One thing not debatable about “Zero Time” is in its clarity of the richest Moog synthesizer bass tones ever, as well as an extreme palette of sounds that are manipulated and lovingly plucked from the ether by Robert Margouleff and Malcolm Cecil, two members of Tonto’s Expanding Head Band. The third member was their sound complex: a monstrously huge bank of several-floor-to-ceiling, customised Moogs they christened ‘The Original New Timbral Orchestra,’ anagramming it down to size as ‘TONTO.’ They’re pictured on the back cover grinning and pouting behind a portion of one of TONTO’s patch bays, above forest of wires and knobs in a fish-eyed lens photograph (by Joel Brodsky, no less.)

Side “Outside” opens with the airy “Cybernaut,” almost veering into background music for a 1970’s ninth grade filmstrip on NASA. But “Jetsex” follows, all spurting of electronic pistils and stamens in a furious love battle royale supreme, with nary a bed spring left taut afterwards.

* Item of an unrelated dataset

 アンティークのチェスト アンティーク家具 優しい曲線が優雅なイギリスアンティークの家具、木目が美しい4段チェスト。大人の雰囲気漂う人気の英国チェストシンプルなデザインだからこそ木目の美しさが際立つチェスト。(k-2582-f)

And although Tonto’s Expanding Head Band rarely get all that abusive with knob twiddling, they do here and perfectly. “Timewhys” ends the “Outside” side as filigree rhythms dance and ease in and out and frolic all around in and out of phase as an almost token-funken Moog lead line dances in front of all the gossamer curtains in a summery breeze teasing themselves to shadow.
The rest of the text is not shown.